Hong Kong - Oil traded near $49 a barrel as officials from Russia and Kuwait conducted meetings in Abu Dhabi with producers to examine why some are shirking their commitment to reduce output.

Futures lost 0.3% in New York after dropping 0.4% on Monday. Talks are being held separately with representatives from  Iraq, United Arab Emirates and Kazakhstan through Tuesday, according to people familiar with the matter.

US crude stockpiles probably declined by 2.1 million barrels last week, a Bloomberg survey shows before government data on Wednesday.

Oil in New York was unable to hold its first advance above $50 a barrel since May as signs of rising global supply eroded optimism that output curbs by the Organisation of Petroleum Exporting Countries and its partners are rebalancing the market. 

Compliance by OPEC members slid to 78% in June, according to the International Energy Agency.

“The market will look for confirmation that the group will continue to abide by their cuts,” said David Lennox, a Sydney-based analyst at Fat Prophets. “Oil prices will probably do some work between $45 and $55 for some time.”

West Texas Intermediate for September delivery was at $49.23 a barrel on the New York Mercantile Exchange, down 16 cents, at 13:00 in Hong Kong. Total volume traded was about 29% below the 100-day average. Prices lost 19c to $49.39 on Monday.

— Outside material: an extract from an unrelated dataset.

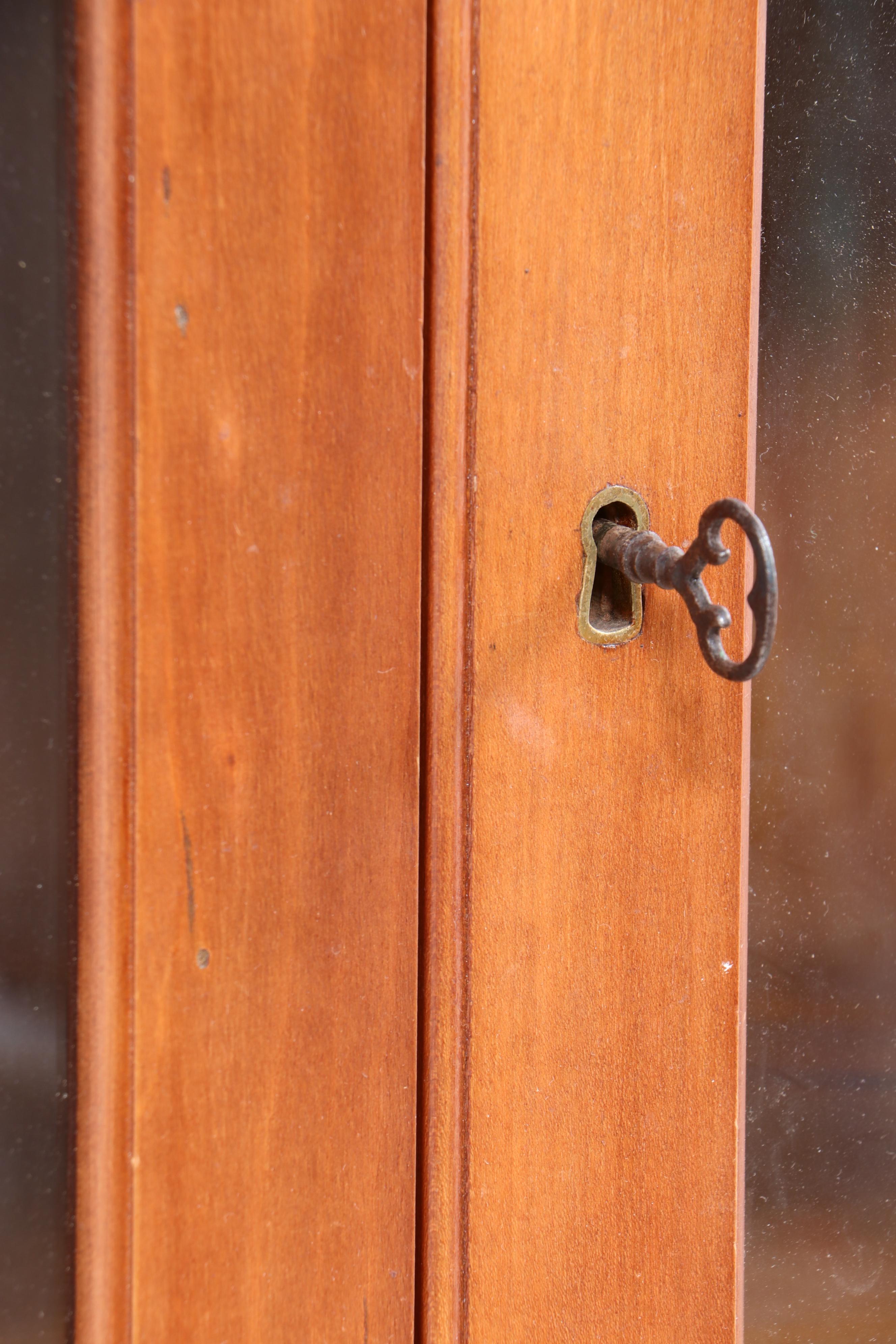 Federal Cherry Corner Cupboard with Scalloped Cornice, Early 19th Century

Brent for October settlement dropped 22c to $52.15 a barrel on the London-based ICE Futures Europe exchange. Prices slid 5c to $52.37 on Monday. The global benchmark traded at a premium of $2.80 to October WTI.

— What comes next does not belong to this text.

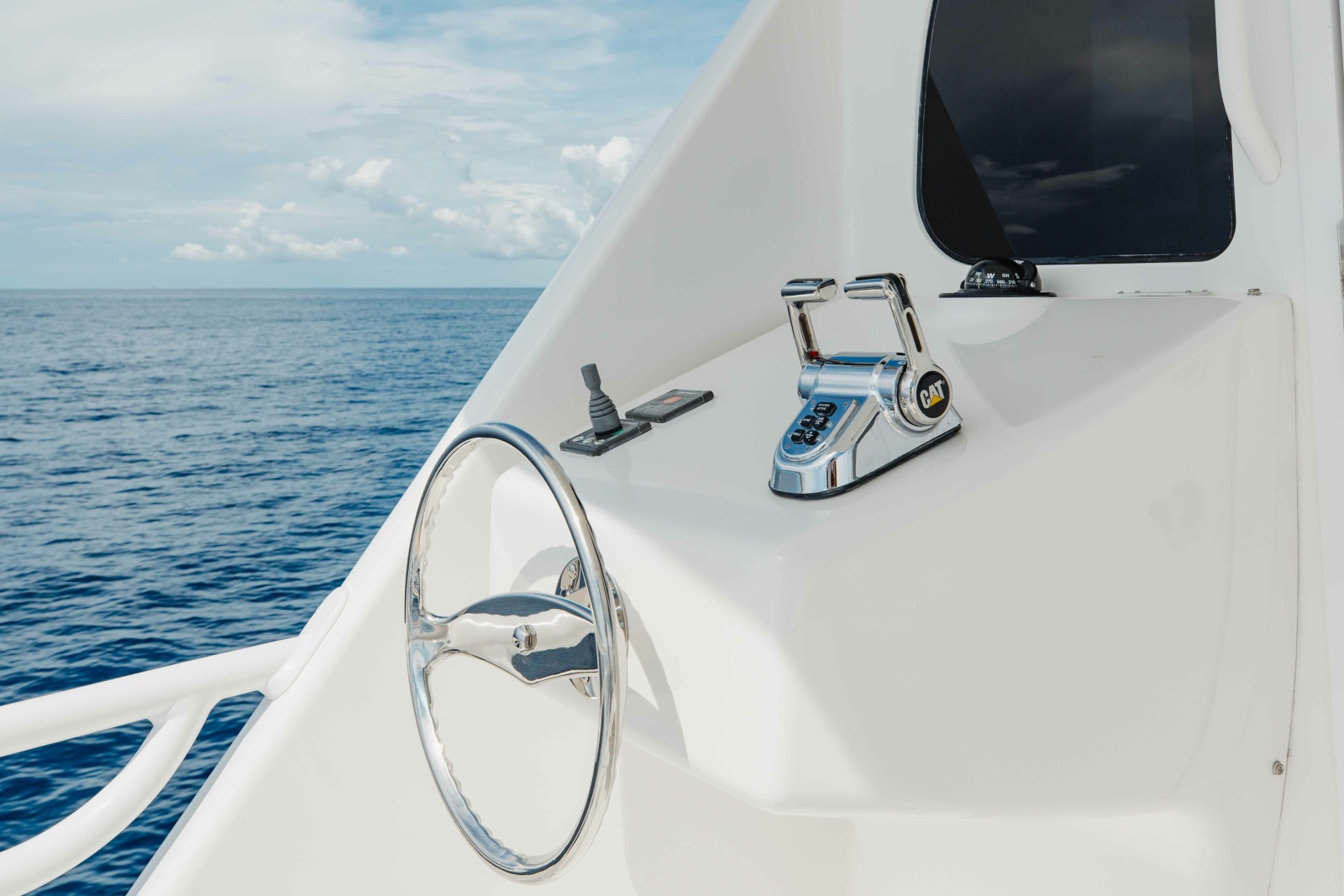 2012 Viking 76 Enclosed Bridge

Findings from the meetings will be presented to the Joint Ministerial Monitoring Committee which oversees the agreement to cut production, the people said, asking not to be identified because the talks are private. 

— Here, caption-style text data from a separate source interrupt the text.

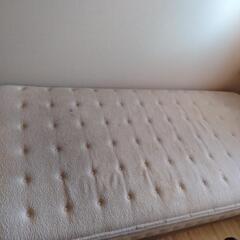 ニトリ　N-sleep シングルベッドの画像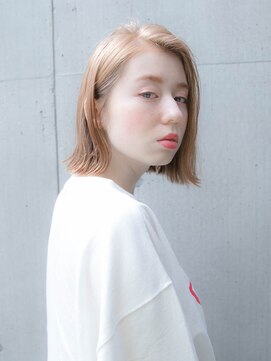 ルティア(Lutia) ハイトーン 耳かけショートボブ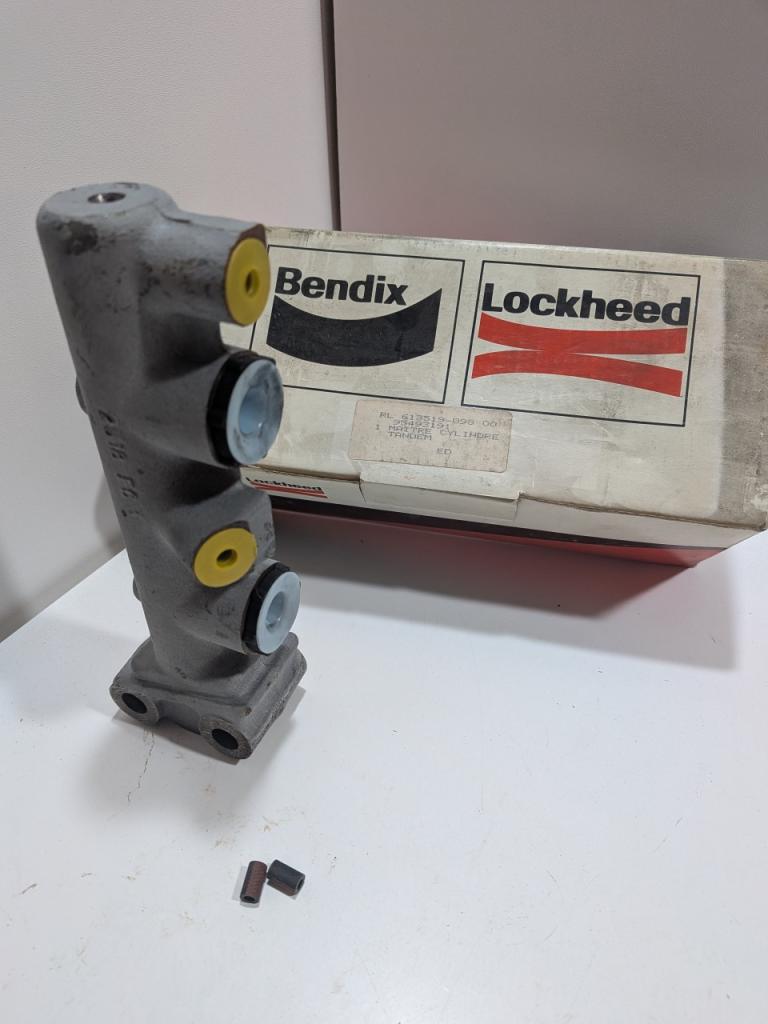 Maitre cylindre Citroen 2CV dyane mehari bendix LesAnciennes.com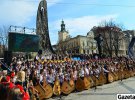 Во Львове 407 бандуристов одновременно исполнили произведения Кобзаря - "Завет" и "Ревет и стонет Днепр широкий"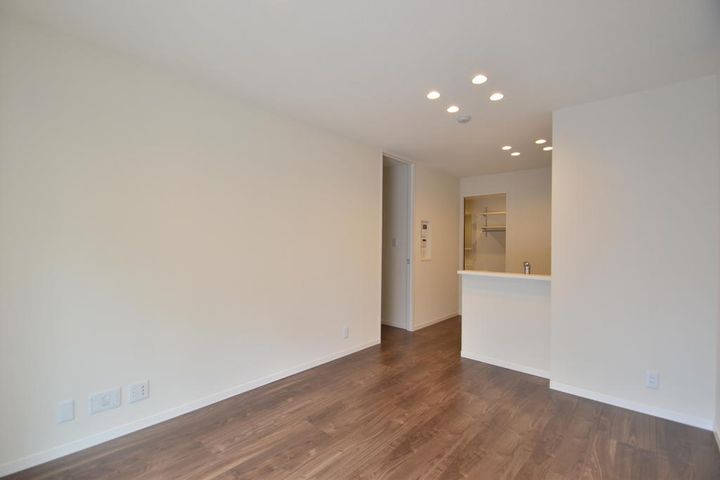 東京都調布市布田2(マンション)の賃貸物件の居間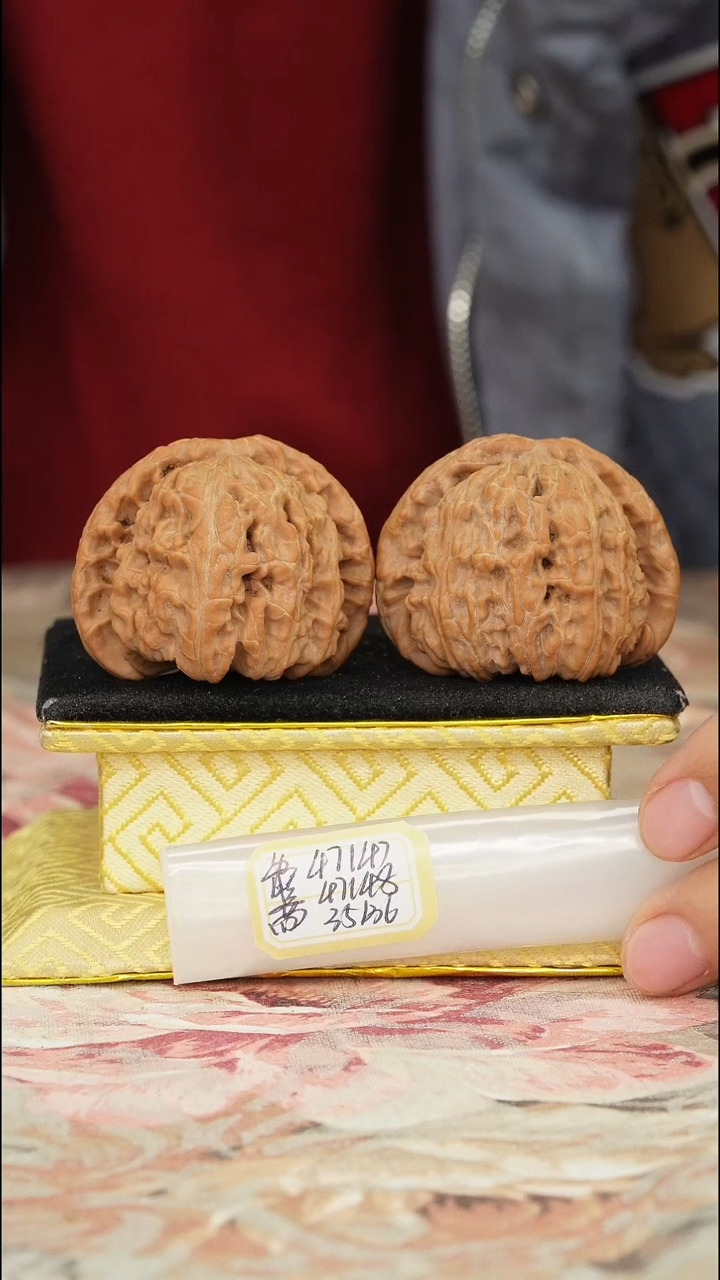 【闪购商品】文玩核桃把件白狮子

Iraqi compliance slumped to 29% in June, its lowest so far, while the UAE made just 60% of its cuts, according to the IEA.

Oil-market news:

• China’s crude imports in July fell to the lowest in six months after heavy buying earlier in the year, according to data from the General Administration of Customs released on Tuesday.

• Libya’s biggest oil field Sharara is “back to normal” after a disruption caused by protests in the politically fragmented country, the state National Oil said.

• Repsol SA pulled all foreign workers from its oil fields in Venezuela amid a deepening political crisis, while Chevron and Total SA have removed a small number of employees, said people with knowledge of the companies.